• Given data
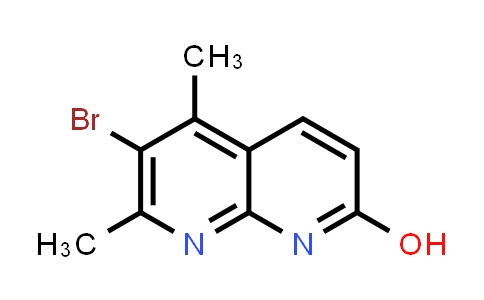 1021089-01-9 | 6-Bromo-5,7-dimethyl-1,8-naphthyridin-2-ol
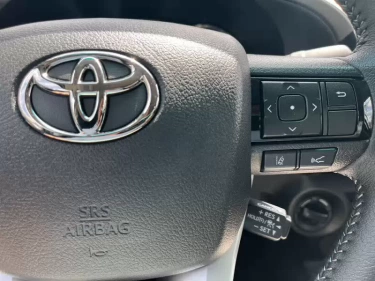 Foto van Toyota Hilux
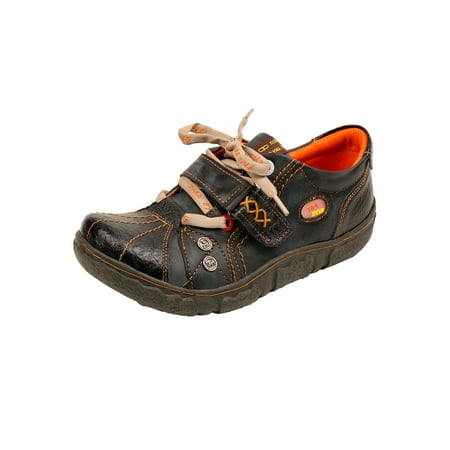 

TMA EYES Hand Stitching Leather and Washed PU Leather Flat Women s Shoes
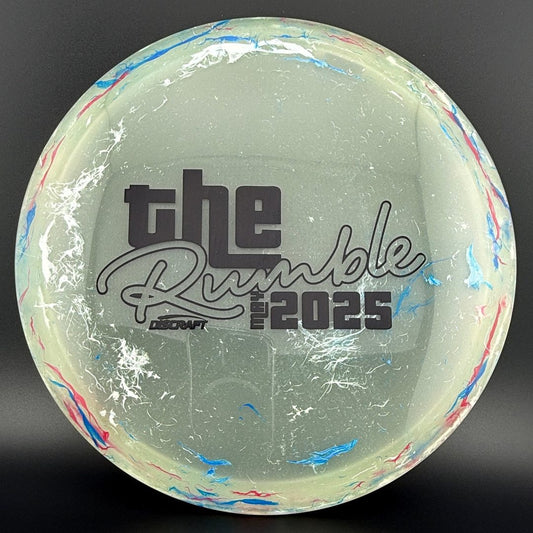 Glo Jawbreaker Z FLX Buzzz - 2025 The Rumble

• Exercise brief
Retype exactly the lines above, starting at the line containing "TMA EYES Hand" and ending with the last line, both included; leave out the pictures.

• Your response
TMA EYES Hand Stitching Leather and Washed PU Leather Flat Women s Shoes
 Glo Jawbreaker Z FLX Buzzz - 2025 The Rumble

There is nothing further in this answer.